> Stored data
- - - - - - -

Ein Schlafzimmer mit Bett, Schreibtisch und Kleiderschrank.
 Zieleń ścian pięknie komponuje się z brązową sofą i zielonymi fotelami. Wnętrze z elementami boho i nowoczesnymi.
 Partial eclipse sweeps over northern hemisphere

- - - - - - -

> Task directions
Everything in the listing needs to appear again exactly.

> Solution
Ein Schlafzimmer mit Bett, Schreibtisch und Kleiderschrank.
 Zieleń ścian pięknie komponuje się z brązową sofą i zielonymi fotelami. Wnętrze z elementami boho i nowoczesnymi.
 Partial eclipse sweeps over northern hemisphere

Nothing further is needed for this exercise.